Faisant écho au « vouloir vivre » de Schopenhauer, le « vouloir être » manifesté par les minorités en général, et les peuples autochtones en particulier, réclament un droit à la différence 4 . Cette revendication ne fait que souligner notre responsabilité, d'avoir entaché par l'acuité de nos désirs, l'existence des indigènes. Nous sommes coupables 5, d'avoir aveuglément saboter leurs « libertés impérissables »  (libre du souci matériel), au profit de notre « liberté éphémère » (enclin au souci matériel). Cette reconnaissance des peuples autochtones, nous amènerait à acquérir de la sagesse, du fait de l'altérité qu'elle induit. C'est à dire l'exercice de la raison, comme moyen de rajuster le monde de son essence plurielle, qui souffre jusqu'alors d'une interprétation unilatérale. Le pluralisme favorise la construction de l'esprit, en étant un espace de transmission de savoirs, qui fonde notre humanité. Tandis que le capitalisme est le lieu de la spécialisation, de l'adaptation au monde moderne. Quand bien même ce dernier travesti la liberté, afin de maquiller son hégémonie. Ceux en quoi, le pluralisme, est l'apprentissage de la liberté, voire la condition même de la liberté. Comme leçon universelle d'ériger le particularisme en allégorie, permettant d'embrasser ainsi la totalité. D'autant plus que dans l'imaginaire collectif, le « sauvage » évolue dans un écosystème, tel un pays de cocagne, dénué d'artifices. Suggérant de fait, une dialectique qui viendrait ternir la modernité de créer de l'abondance, puisque pour Marshall Sahlins celle-ci crée davantage de la rareté. Au terme de quoi, le pluralisme s'inscrit dans le fondement des sociétés humaines, en cherchant actuellement une autre raison à l'œuvre, que l'utilitarisme occidental. Il faudrait alors se délivrer d'une vision aliénante, car ô combien réductrice, d'un matérialisme historique comme seul critère performatif, de nos sociétés.

 

« Ce n'est pas par la satisfaction du désir que s'obtient la liberté, mais par la destruction du désir. » Epictète 6

 

Tout bien considéré le réenchantement du monde ne peut s'opérer, qu'à travers le primat du lien, de la relation, par rapport à l'individu. Cherchant ainsi à susciter la magie de la diversité qui constitue autant d'interprétations plausibles du monde commun, comme seule richesse nécessaire. Après tout, nous existons qu'à travers les autres, aussi ce n'est qu'à travers eux que nous nous révélons.

 

 

1 Il cherche à se divertir pour ne pas subir l'ennui, l'ennui étant le tourment des classes sociales aisé, pour Schopenhauer. Pour Malbranche «  s'ennuyer c'est voir le temps ».
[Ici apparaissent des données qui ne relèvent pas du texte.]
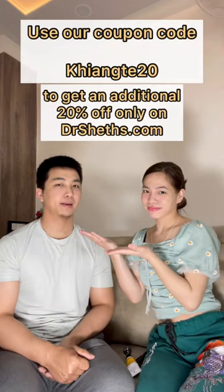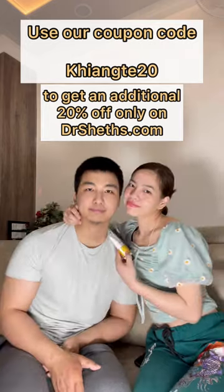You can use our code to get an additional 20% off only on drsheds.com.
2 Qu'il cherche à vivre le plus longtemps possible.

3 Philosophie ( 50 - 125)

4 Loin de la post-modernité qui se dote d'un pluralisme de façade, vouant un culte du présent, du à une vision apologétique du progrès, qui a été mis a mal.

5 Via notre consommation ici qui a des impacts las bas.

6 Philosophe (50 – 125).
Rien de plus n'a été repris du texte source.